A hearing is scheduled Tuesday to discuss the next step – deciding the amount of punitive damages, which are generally capped at three times the amount of compensatory damages in Florida.
The same jury in June found BDO Seidman grossly negligent in failing to uncover $170 million worth of fraud in audits of a former partner of the bank, E.S. Bankest LLC. This is the second trial in the dispute, with the first ending in a mistrial in March.
“Espirito Santo is gratified by the jury’s verdict and the jury’s diligence,” said Steven Thomas, attorney for Banco Espirito Santo.
BDO Seidman said it will appeal the June verdict and Monday’s decision. In court filings, BDO Seidman had warned that a loss of $170 million in the case could trigger massive layoffs and cause the company to lose its position as the nation’s No. 5 accounting firm.
“BDO Seidman respectfully but forcefully disagrees with this verdict,” the firm said in a statement. “This is an interim decision in a long process and a contingency that was anticipated.”
In closing arguments Monday, BDO Seidman lawyer Adam Cole argued that Banco Espirito Santo shared in the blame because its higher-ups enabled the fraud by not properly keeping track of bad transactions that later landed several people in prison.
Thomas said the bank relied on BDO Seidman, whose duty it was to protect the bank from fraud at Bankest, established in the late 1990s.
“You can make things right and make Banco Espirito Santo whole,” Thomas said in a cluttered courtroom packed with attorneys, accounting executives, media and stacked boxes of evidence.
“If your grossly negligent verdict matters, then by finding punitive damages you’ll deter BDO Seidman and other accounting firms from coming into court and saying it’s not their job to find fraud,” Thomas said.
Thomas argued that Banco Espirito Santo entered the partnership with Bankest in part because of faulty BDO Seidman audits showing that income had nearly tripled from 1995 to 1996. Bankest was engaged in a business called “factoring,” in which money is lent to other companies immediately in return for higher payments those companies expect to receive later.
Thomas had said that BDO Seidman certified audits for Bankest accounts totaling some $225 million, of which only $5 million represented legitimate income.
“The guys carrying out the fraud depended on BDO … not doing their job,” Thomas said Monday.
But Cole pressed the point that a “circle of trust” among board members at Banco Espirito Santo essentially rubber-stamped activities such as falsified accounts receivable and cycling money through the different entities. Cole said bank notes were sold under misleading circumstances.

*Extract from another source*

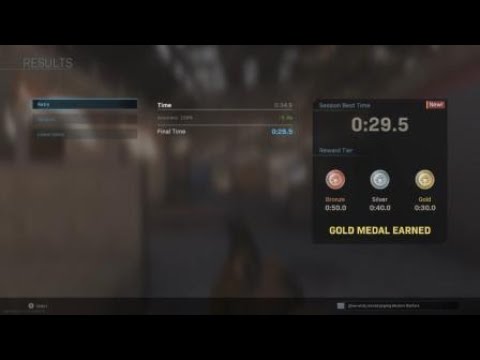 Shooting Range Easy Gold Medal. Games of Summer Trial 5 (CoD Modern Warfare)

Cole also argued that about 10 executives failed to keep track of financial statements showing questionable transactions, including Victor Balestra, who was president of the bank and vice president of Bankest.

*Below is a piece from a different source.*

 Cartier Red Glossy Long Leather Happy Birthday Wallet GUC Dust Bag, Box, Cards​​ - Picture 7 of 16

“They had an obligation to take a look and they didn’t,” Cole said. “That’s the reason why we’re here today. The audits are just a small piece of it.”
Banco Espirito Santo, which was founded in Portugal in 1920, spread to Portuguese-speaking Brazil and bought a Miami-based bank in the early 1980s.
At least seven people, including Bankest directors Eduardo and Hector Orlansky, have already been convicted in federal court of criminal fraud charges and sentenced to prison.
BDO Seidman operates 34 offices and has 300 independent, allied firms around the country. It is allied with BDO International, which coordinates companies with about 30,000 partners and staff and reported total fee income of $3.91 billion in 2006, according to the firm’s Web site.